La pensée de G. Simondon concernant l'évolution des objets techniques permet ensuite de saisir de façon originale le sens de la démarche et de l'anticipation dont elle a fait l'objet, notamment avec le concept d' « hypertélie » proposé par l'auteur, c'est-à-dire qu'il y a survalorisation d'un objet technique dans un milieu désadapté à son fonctionnement. Dans cette perspective, la participation des TIC à la construction d'un marché de l'enseignement supérieur en Afrique subsaharienne est mise en évidence, ainsi que les transformations institutionnelles induites et orientées vers l'hybridation de la formation initiale et des universités publiques.
Par ailleurs, comme en témoignent le débat des années 2000 sur les universités virtuelles ainsi que le développement de l'UVA, les universités virtuelles sont vectrices de transformations du métier d'Enseignant-Chercheur, notamment de la fragmentation du rôle de l'enseignant entre celui qui produit les contenus et celui qui les délivre (le tuteur). L'implantation de l'UVA au sein des universités traditionnelles ainsi que l'hybridation de la formation initiale, tant traditionnelle qu'à distance, comme en témoigne le cas de l'Université Virtuelle du Sénégal (UVS), amène ainsi l'enseignement à distance à devenir une modalité pédagogique plutôt qu'un système d'enseignement parallèle. Toutefois, la formation des enseignants étant au cœur de l'activité de l'UVA, c'est l'ensemble du métier d'enseignant, tous niveaux confondus, qui est redéfini de façon normative et travaillé par l'introduction des TIC dans l'enseignement telle qu'elle est portée par le développement des universités virtuelles comme en témoigne le cas de l'UVA mais aussi de l'Université virtuelle Panafricaine (UPA) lancée en 2012 par l'Union Africaine.

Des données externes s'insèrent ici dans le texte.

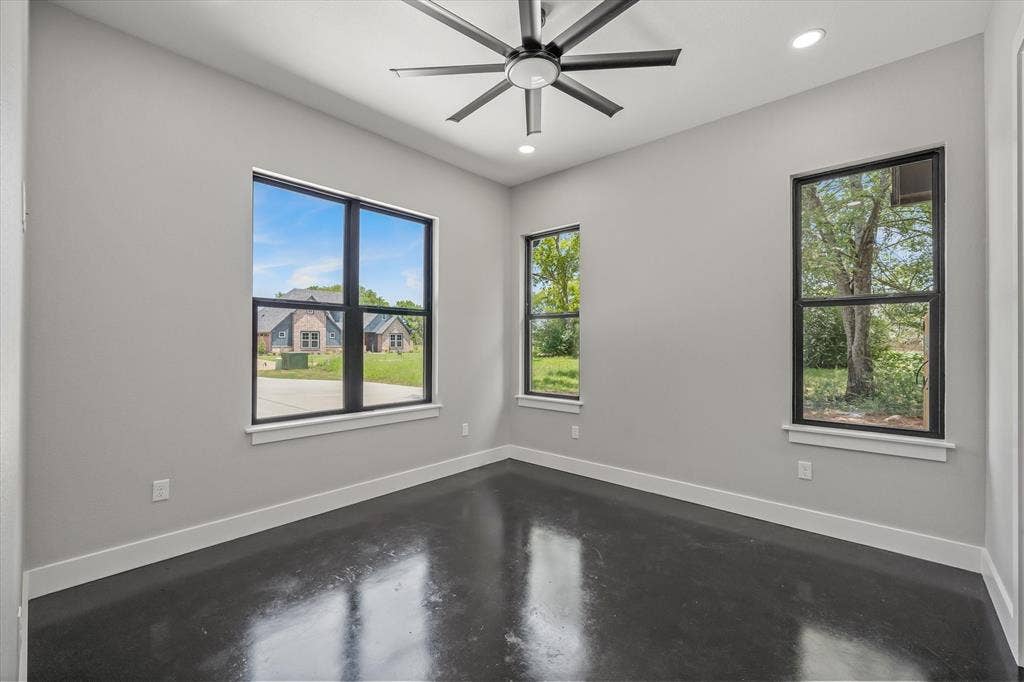 12253 Madison Xing, Bullard, TX 75757 Interior room featuring polished concrete flooring, light gray wall paint, and white baseboards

La communication s'appuie sur l'exploitation de la littérature grise disponible depuis le lancement de l'Université virtuelle Panafricaine (UPA, 2012), de l'Université Virtuelle du Sénégal (UVS, 2013) et de l'Université Virtuelle Africaine (UVA, 1997), ainsi que sur deux thèses de doctorats portant spécifiquement sur l'UVA, celle de P.-J. Loiret soutenue en 2007 et celle d'A. Fournier Fall soutenue en 2006, auxquelles d'ajoute celle d'N. NDIAYE soutenue en 2011 concernant les TIC et l'enseignement à distance dans un environnement de massification des effectifs d'étudiants au Sénégal. Cette présentation correspondant au travail mené dans le cadre d'un doctorat, cet ensemble de documents a été complété par des corpus, non présentés ici, d'articles scientifiques, de thèses portant sur l'usage des TICE en Afrique, sur l'enseignement à distance et sur l'internationalisation de l'enseignement supérieur européen. Des entretiens semi-directifs viennent renforcer et compléter ce corpus de documents.